Ecuador: SASS 375A / 575 – Health, Human, and Social Development
The course in Ecuador has been developed by both the faculty of Case Western Reserve University and the Andean Study Program, an Ecuadoran organization that has worked with many American universities for over 20 years. Our stay is centered around Quito, the capital of Ecuador, located in the highland regions. Ecuador has a rich history and distinctive geography that includes La Costa, or the low-lying coastal region; La Sierra, or highlands dominated by the Andes Mountains; La Amazonia, or rainforest; and the Region Insula, or Galapagos Islands located in the Pacific Ocean off the coast of Ecuador.
Our “home base” while in Quito is Hotel Casa Foch, which is located across the street from the Andean Study Center. It is centrally located near many cultural institutions, major universities, restaurants, and entertainment. The city of Quito has a high altitude (about 9,350 feet) and is located 15 miles from the equator. Nights are cool with average temperatures of 47 degrees Fahrenheit. The day temperatures are generally in the low 70s.
When packing, we recommend that you bring plenty of layers and a warm coat so that you can adjust to a wide range of temperatures. You also will need a lightweight raincoat when traveling to the rainforest. We will be doing plenty of walking, which is more challenging at high altitude. Bring comfortable shoes for cobblestone, dirt paths, mud, and rain. Ecuador uses the U.S. dollar for currency, so there will be no confusion about conversion rates.

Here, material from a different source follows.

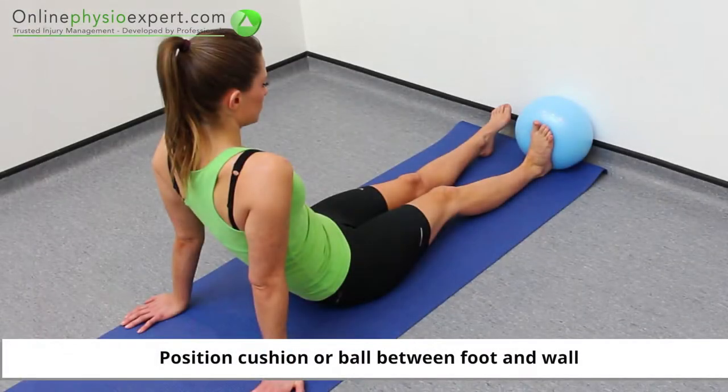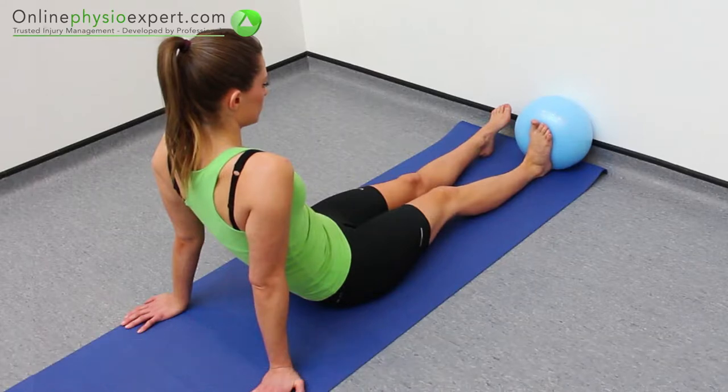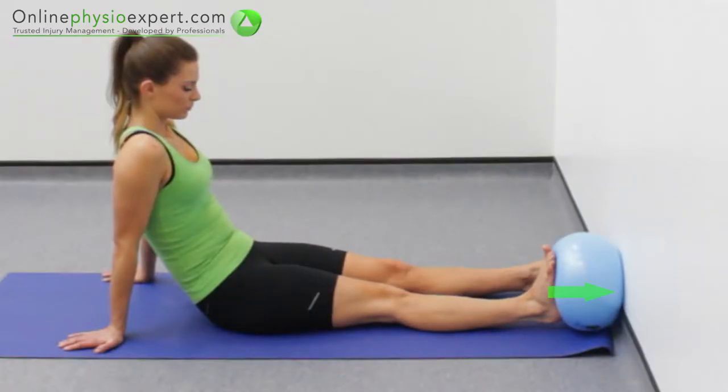Perform this exercise seated with a ball positioned between your foot and a wall. Push from your hip and knee to squeeze the ball into the wall. Hold each contraction before repeating again.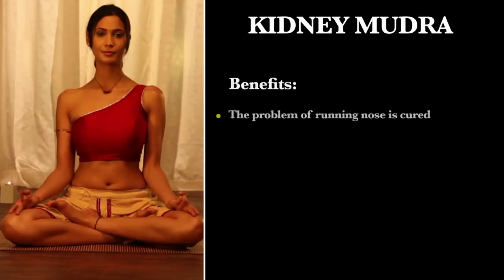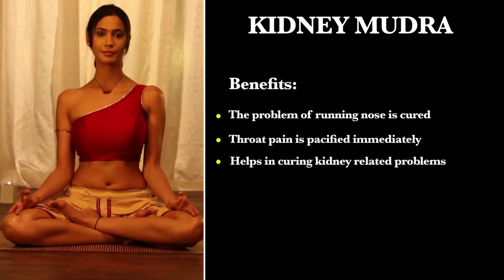Benefits: The problem of running nose is cured. Throat pain is pacified immediately. Helps in curing kidney related problems.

There are several learning objectives for this trip that center around humanity and community development in the developing country of Ecuador. These objectives will be accomplished through a series of visits inside and outside Quito that expose us to basic knowledge of the country’s history, politics, economic system, delivery of social and health services, the unique diversity of Ecuadorian citizens, and individual and family life. Readings selected as part of the pre-trip assignments will provide some of the basic knowledge that will help students gain significantly more meaning from the lectures given by Ecuadorian experts and visits to hospitals and social service agencies. Our goal is that students learn to demonstrate knowledge of social development and policy issues in Ecuador, such as poverty alleviation, child-welfare, non-formal education, prostitution, HIV-AIDS, and multicultural aspects of healthcare in the Ecuadorian context, throughout the trip and upon the group’s return. Students also will be asked to compare the Ecuadorian social welfare system with that of the U.S. or their country of origin.
One such way of understanding the cultural diversity, home life and people of Ecuador will be through home stays in groups with Quichua indigenous families. This is a unique experience in Latin America and a highlight for students. Participants will stay within an indigenous community and have an opportunity to analyze traditional Ecuadorian family systems, especially gender and age-related roles. A second experience with an Afro-indigenous group north of Quito will also be planned. Students will develop ethnographic skills in recording ongoing observations in the form of a daily site journal.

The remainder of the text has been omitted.